XML Schema Cannot Validate Semantic Correctness
A discussion came up on the W3C Semantic Web Healthcare and Life Sciences (HCLS) SIG mailing list around models in OWL, validation and XSD. I’m reproducing my response here, because it’s worthwhile for a larger audience and it involves some work from a TWCer (Jiao Tao), the Pellet ICV.
I feel I need to cut to the chase with this one: XML schema cannot validate semantic correctness.
It can validate that XML conforms to a particular schema, but that is syntactic. The OWL validator is nothing like a schema validator, first it produces a closure of all statements that can be inferred from the asserted information. This means that if a secondary ontology is used to describe some data, and that ontology integrates with the ontology that you’re attempting to validate against, you will get a valid result. An XML schema can only work with what’s in front of it.
Two, there are many different representations of information that go beyond XML, and it should be possible to validate that information without anything other than a mechanical, universal translation. For instance, there are a few mappings of RDF into JSON, including JSON-LD, which looks the most promising at the moment. Since RDF/XML and JSON-LD both parse to the same abstract graph, there is a mechanical transformation between them. When dealing with semantic validity, you want to check the graph that is parsed from the document, not the document itself.
The content matters, the format does not. For instance, let me define a new RDF format called RDF/CSV:
First column is the subject. First row is the predicate. All other cell values are objects. URIs that are relative are relative to the document, as in RDF/XML.

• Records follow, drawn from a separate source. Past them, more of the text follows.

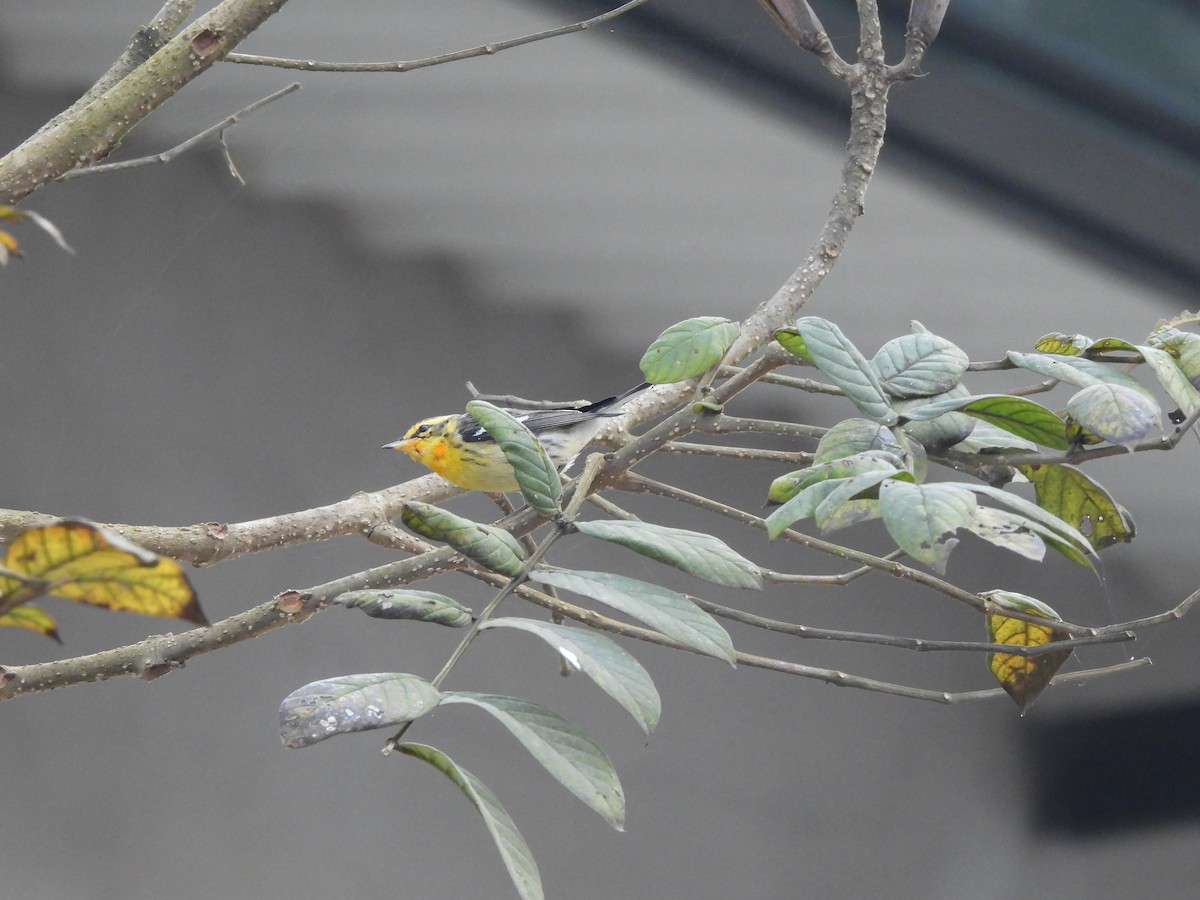 Reinita Gorjinaranja - ML647427783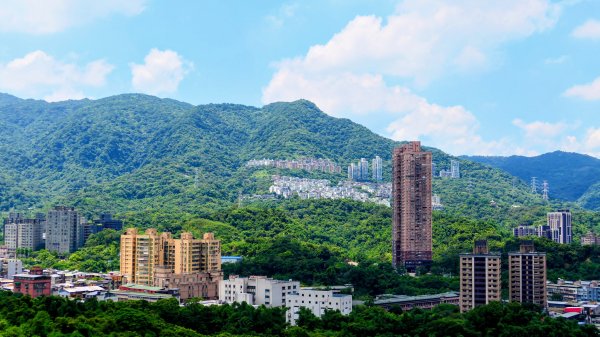 水返腳的青苔記憶3082850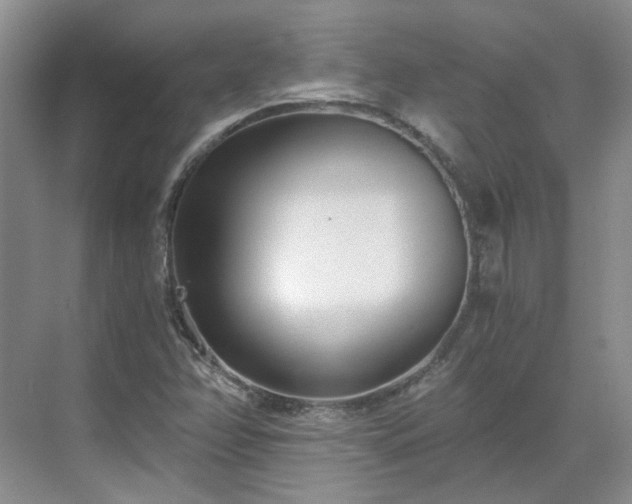 X0000071351358200606301641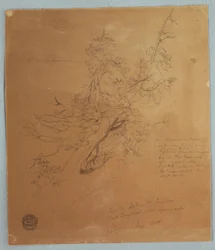 Teckning, Grovt träd vid Canadian Bank nedanför Niagarafallen, september 1856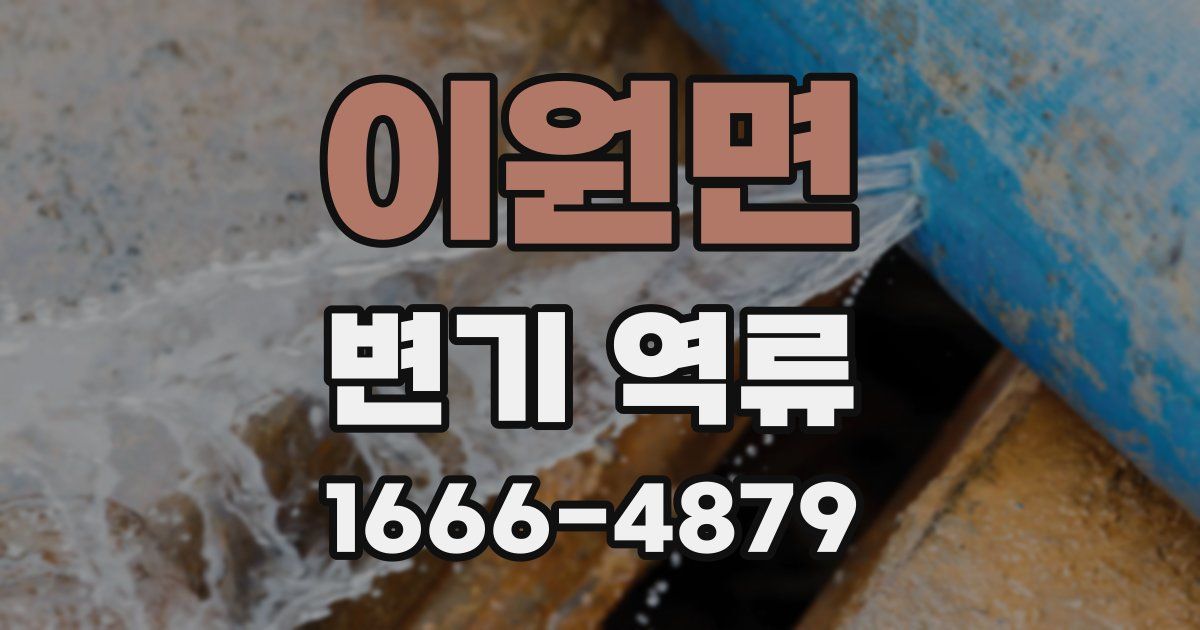 이원면 변기 역류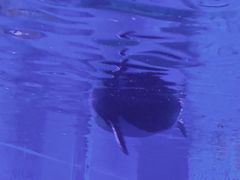 -暹罗海洋世界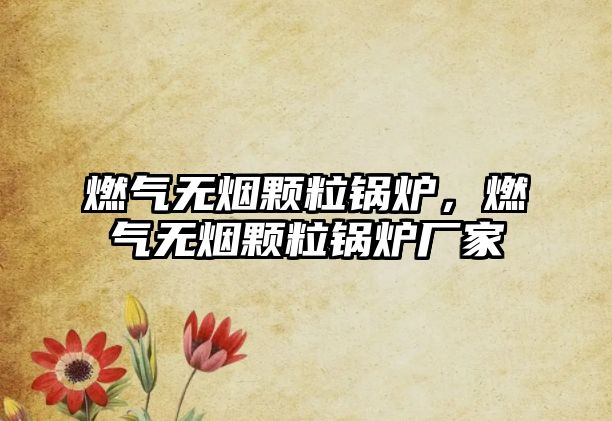 燃?xì)鉄o(wú)煙顆粒鍋爐，燃?xì)鉄o(wú)煙顆粒鍋爐廠家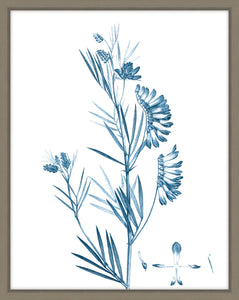 Antique Botanical In Blue IX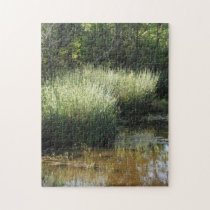 Pond Scene Puzzle puzzles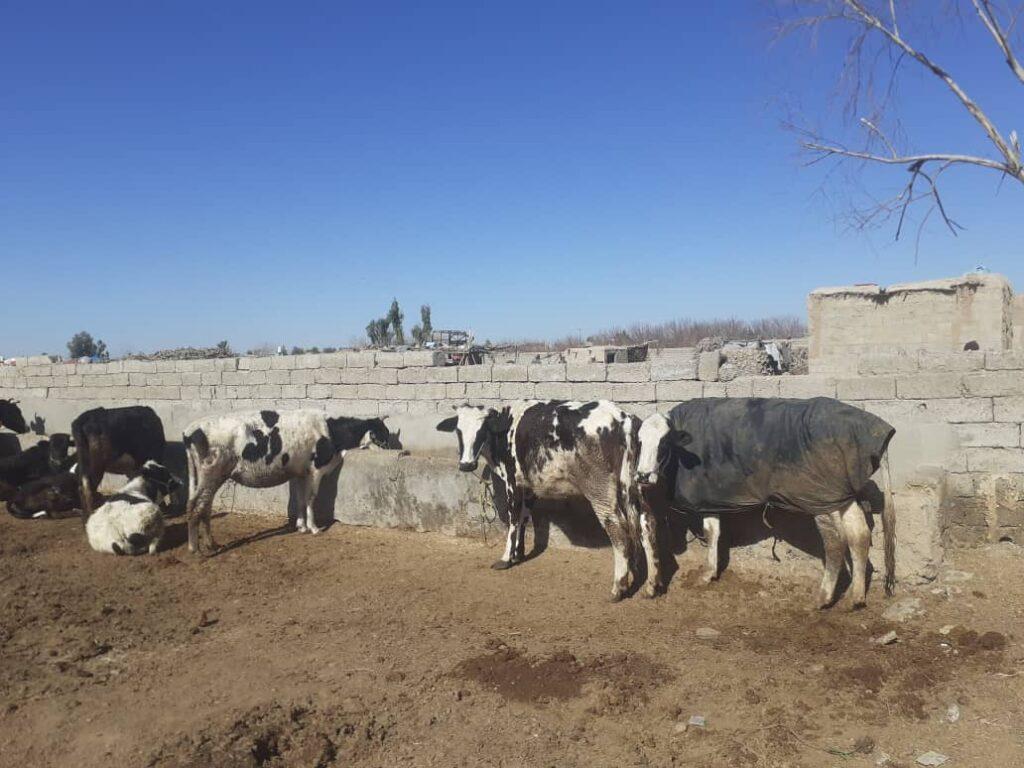 Helmand cow farm owner distributes milk to poor people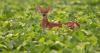 Damage from wildlife is a hidden tax on farmers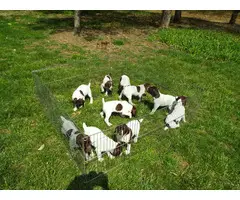 AKC purebred German Shorthair Pointer puppies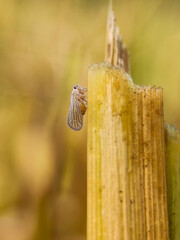 Whitebacked plant- hopper
Insects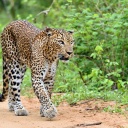 léopard-nature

I can write a parser for that in 1 hour and publish it. It’s genuinely useful, and all you would have to do to read and write it is to use my parser or write one yourself. I can then use the parser, paired with Pellet ICV, and validate the information in the file without any additional work from anyone.
Maybe we need a simplified XML representation for RDF that looks more like regular XML. But to make a schema for an OWL ontology is too much work for too little payoff.
 This was a short enough format description that I decided to fit it into a tweet.